SEACrowd / seacrowd-datahub

A collaborative project to collect datasets in SEA languages, SEA regions, or SEA cultures.
Apache License 2.0
57 stars 54 forks source link

Create dataset loader for UIT-ViQuAD #575

Open SamuelCahyawijaya opened 3 months ago

SamuelCahyawijaya commented 3 months ago

Dataloader name: uit_viquad/uit_viquad.py DataCatalogue: http://seacrowd.github.io/seacrowd-catalogue/card.html?uit_viquad

Dataset uit_viquad
Description Vietnamese Question Answering Dataset (UIT-ViQuAD), a new dataset for the low-resource language as Vietnamese to evaluate MRC models.
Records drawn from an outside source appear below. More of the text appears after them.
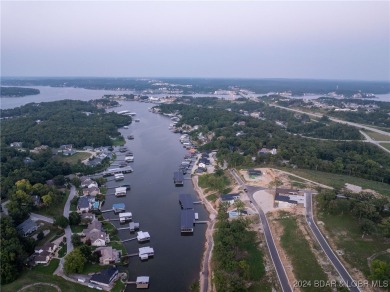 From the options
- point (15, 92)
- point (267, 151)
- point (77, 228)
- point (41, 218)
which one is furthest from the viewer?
point (15, 92)

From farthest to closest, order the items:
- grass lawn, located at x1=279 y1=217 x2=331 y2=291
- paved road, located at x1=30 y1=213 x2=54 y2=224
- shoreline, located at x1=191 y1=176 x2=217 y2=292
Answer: paved road, located at x1=30 y1=213 x2=54 y2=224 → shoreline, located at x1=191 y1=176 x2=217 y2=292 → grass lawn, located at x1=279 y1=217 x2=331 y2=291

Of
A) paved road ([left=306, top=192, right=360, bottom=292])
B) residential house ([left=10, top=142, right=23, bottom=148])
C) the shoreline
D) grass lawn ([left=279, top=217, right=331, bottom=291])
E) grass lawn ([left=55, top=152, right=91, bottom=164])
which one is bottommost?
the shoreline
This dataset comprises over 23,000 human-generated question-answer pairs based on 5,109 passages of 174 Vietnamese articles from Wikipedia.
Subsets -
Languages vie
Tasks Question Answering
License Unknown (unknown)
Homepage https://sites.google.com/uit.edu.vn/uit-nlp/datasets
HF URL -
Paper URL https://aclanthology.org/2020.coling-main.233/
patrickamadeus commented 3 months ago

self-assign

patrickamadeus commented 3 months ago

Hi! I have requested kietnv@uit.edu.vn for the dataset, but haven't received any response. Can anyone assist me / perhaps know the data issuer directly?

cc: @SamuelCahyawijaya @holylovenia

holylovenia commented 3 months ago

Hi! I have requested kietnv@uit.edu.vn for the dataset, but haven't received any response. Can anyone assist me / perhaps know the data issuer directly?
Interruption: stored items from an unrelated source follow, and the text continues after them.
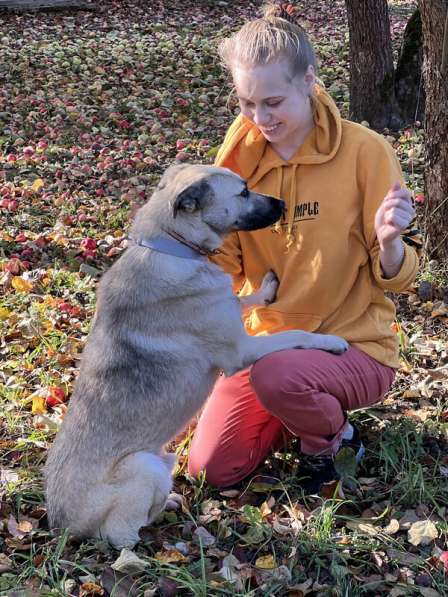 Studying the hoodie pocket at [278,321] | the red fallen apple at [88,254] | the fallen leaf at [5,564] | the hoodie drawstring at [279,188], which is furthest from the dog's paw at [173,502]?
the red fallen apple at [88,254]

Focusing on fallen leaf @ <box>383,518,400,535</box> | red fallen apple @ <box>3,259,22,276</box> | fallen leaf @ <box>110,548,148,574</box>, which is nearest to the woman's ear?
fallen leaf @ <box>383,518,400,535</box>

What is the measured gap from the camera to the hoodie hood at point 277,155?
11.7ft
cc: @SamuelCahyawijaya @holylovenia

Hi @patrickamadeus, I'm not sure if any of us knows him personally. :( I guess our only option is to wait for now.

holylovenia commented 2 months ago

Hi @patrickamadeus, is there any reply from the dataset owner?

patrickamadeus commented 2 months ago

Hi @holylovenia , sadly no :(

akhdanfadh commented 2 months ago

@patrickamadeus I contacted him yesterday and got an instant reply. Try emailing him again.